E o colunista volta-se para as suas divagações. Um Sol lá em cima alumiando a gente, a terra, as praias distantes, tomando seu banho de Mar no Atlântico, refletindo-se nele, mergulhando nas suas águas revoltas, nas suas águas mansas, nas suas águas em retirada, precipitada, para a vazante.

Tudo assim diante da gente, da gente que hoje não quer saber de nada de política, de partidos, de líderes, de cúpulas partidárias. Que por instantes deixou de se interessar pela sorte do senador Moura Andrade, presidente do Congresso, e pela posição exata de Mazilli, presidente da Câmara dos Deputados. Que eles se defendam, pois só assim poderão manter, democraticamente, a “intocabilidade do Poder Legislativo”. Que defendam a “carcaça moral” para, logo depois, redimidos, retomarem a posição de luta e do dever cumprido.

Mas tudo maravilhoso neste domingo de sol, de esbanjamento de LUZ quando o colunista, mais uma vez, abandonou o “comentário político”, o registro das arengas e dos atritos entre o bancário Magalhães Pinto, indeciso como sempre, e o governador da Guanabara, o vibrante jornalista Carlos Lacerda, que está sendo conduzido para a oposição, para a luta aberta contra o presidente Castelo Branco, talvez com as mesmas intenções que o identificaram noutras campanhas e que provocaram a morte de Vargas, a renúncia de Jânio e a deposição de Goulart!

Mas não.

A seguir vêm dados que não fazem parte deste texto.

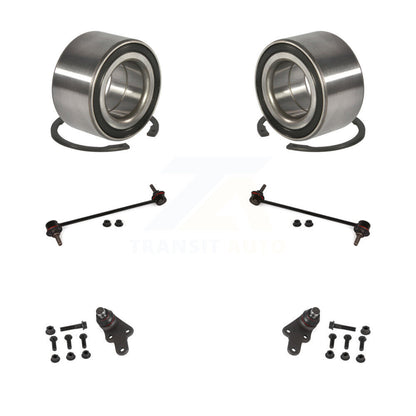 Wheel Bearing Kit-K7T-108195 - Kit.bestparts.ca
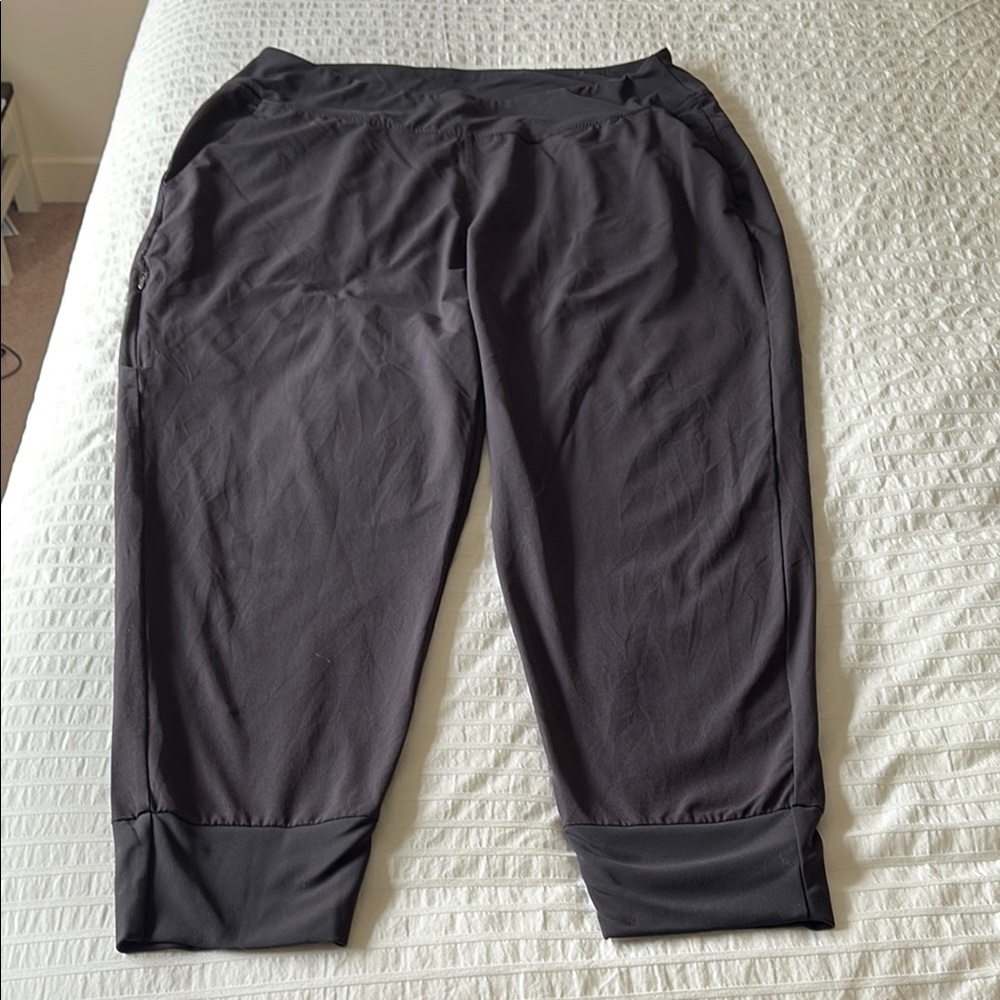Patagonia Happy Hike Studio Pants women’s XL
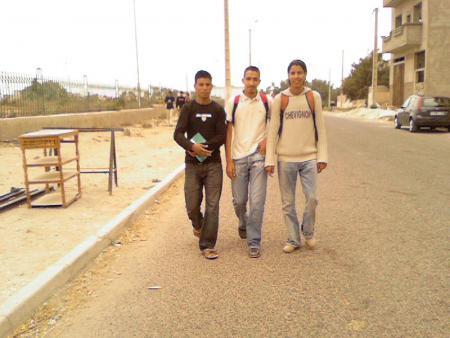 mas amis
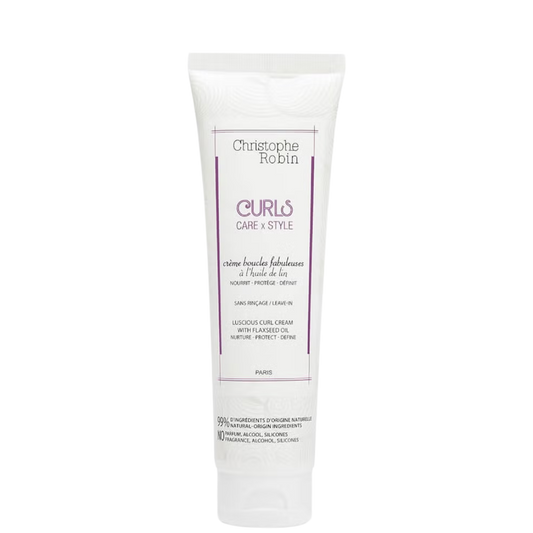 Luscious Curl Cream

Estamos  fora desta área de atritos políticos, de ambições personalistas. Estamos olhando este domingo que se derrama lá fora, que veste a cidade de alegrias e de tristezas, de sonhos e de realidades. E há, em tudo, a presença de todos, do homem simples, do homem bom, do homem cooperação. Do homem que trabalha, que realiza algo surpreendente. Olhando este domingo. A cidade. O sol crepitante. Olhando a população da Ilha, dos subúrbios distantes, marcados, identificados pela DOR dilacerante, pela miséria, pela dilaceração. Mas há também, com as suas populações abandonadas, este mesmo Sol fascinante, clareando tudo, queimando a DOR e a MISÉRIA.

Um céu lá em cima, no alto. Um azul límpido, suave. Flocos de algodão pregados no Azul, espalhados e em direções diversas. Uma poesia que vem lá de cima, do Desconhecido, que vem doutros mundos... Uma poesia que é magia, que é sublimidade, que é poesia. Tudo assim, tudo dentro destas emoções que se vai sentindo, que se vai sofrendo. Sofrer de emoções... Sim, a gente sofre de tudo. A gente sofre de NADA! E a vida lá fora, a vida na gente, a vida em tudo. Mas também há a Morte, o esvaziamento de tudo... Mas para outros, em tudo, há apenas VIDA e até na MORTE. E o Sol lá em cima, porção de luz fascinante clareando tudo.

E, longe desta coluna de hoje, os políticos, os partidos e a sorte daqueles que estão sob a pressão dos inquéritos, das investigações militares. Que se defendam. É o caminho certo e digno. E que a vida continue assim: sempre um domingo de Sol para mudar a paisagem geográfica da Ilha, da cidade, com novos aspectos, novos quadros de aquarelas, novas impressões que sempre ficam. É a vida.

* Paulo Nascimento Moraes. “A Volta do Boêmio” (inédito) – “Jornal do Dia”, 8 de novembro de 1964 (domingo).